You are viewing a plain text version of this content. The canonical link for it is here.
Posted to dev@spamassassin.apache.org by Theo Van Dinter <fe...@apache.org> on 2007/07/03 04:37:59 UTC
Inflated hit-frequencies results?
I was perusing my weekly run data and right up at the top:
91.555 108.0930 0.0000 1.000 1.00 0.00 RCVD_IN_PBL
which obviously is very wrong:
$ grep -c RCVD_IN_PBL ham.log spam.log
ham.log:0
spam.log:78728
$ wc -l ham.log spam.log
25832 ham.log
142982 spam.log
168814 total
so it should just be 55.0615. I'll try to look into it, but just in case
anyone else goes "aha!" ... :)
--
Randomly Selected Tagline:
"You can see I'm having a good time with this... Oh, here it is."
- Prof. Farr
Re: Inflated hit-frequencies results?
Posted by Theo Van Dinter <fe...@apache.org>.

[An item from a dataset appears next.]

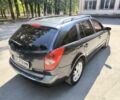 Рено Лагуна 2002 в Кривом Роге на Automoto.ua Серый Рено Лагуна, объемом двигателя 1.9 л и пробегом 370 тыс. км за 3600 $, фото 5 на Automoto.ua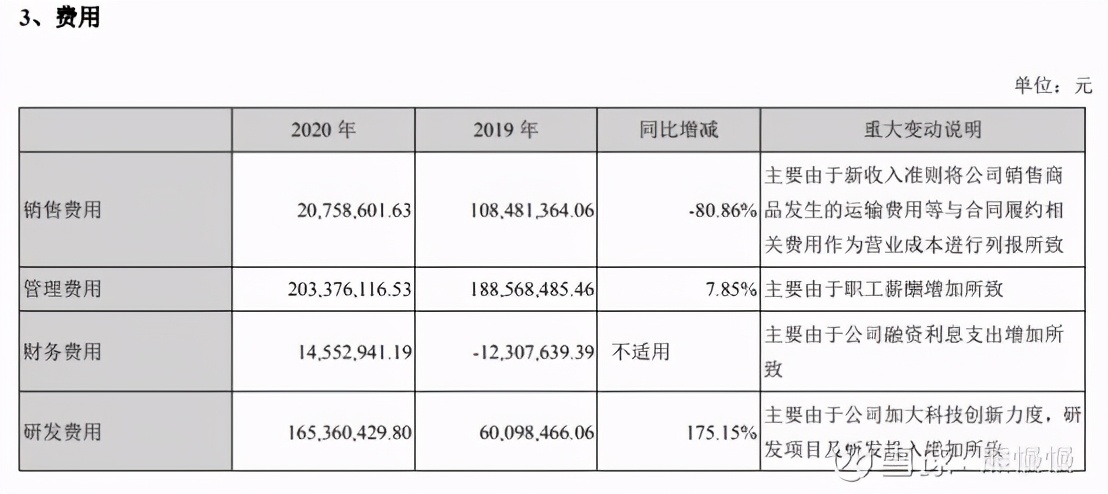 沙钢股份中报预披露,沙钢股份一季度报表预计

On Tue, Jul 03, 2007 at 02:52:01PM -0500, Michael Parker wrote:
> I'm guessing its either a) a bug in the reuse code or b) improper use of
> the reuse config stuff.
I couldn't reproduce the problem with a --net --reuse run, and eventually
decided to go the other route -- I added a per-result cache of rule hits in
hit-frequencies. So now it'll only single-count rule hits at the cost of more
time per result, though it's not large.
--
Randomly Selected Tagline:
A novice was trying to fix a broken lisp machine by turning the
power off and on. Knight, seeing what the student was doing spoke sternly,
"You cannot fix a machine by just power-cycling it with no understanding
of what is going wrong." Knight turned the machine off and on. The
machine worked.
Re: Inflated hit-frequencies results?
Posted by Michael Parker <pa...@pobox.com>.
Theo Van Dinter wrote:
> Huh! The problem is the usual one: GIGO
>
> Y 8 .../8bcaeebfaa ...,RCVD_IN_PBL,RCVD_IN_PBL,...
>
> It's assumed that the rule list should have a unique set of names, so
> hit-frequencies just adds the entry twice.
>
> So now the question is: why does mass-check put the same rule in multiple
> times, and apparently only for weekly runs, and apparently only for this
> rule (pcregrep '([A-Z0-9_]+),\1(,|$)', shows only this rule duplicating)?
> <sigh>
I'm guessing its either a) a bug in the reuse code or b) improper use of
the reuse config stuff.
Michael
>
>
> On Tue, Jul 03, 2007 at 12:02:12PM -0400, Theo Van Dinter wrote:
>> On Tue, Jul 03, 2007 at 10:24:02AM +0100, Justin Mason wrote:
>>> no "aha"s here unfortunately :( -- is this in your own local freqs,
>>> or the freqs on the server (with everyone else's logs too)?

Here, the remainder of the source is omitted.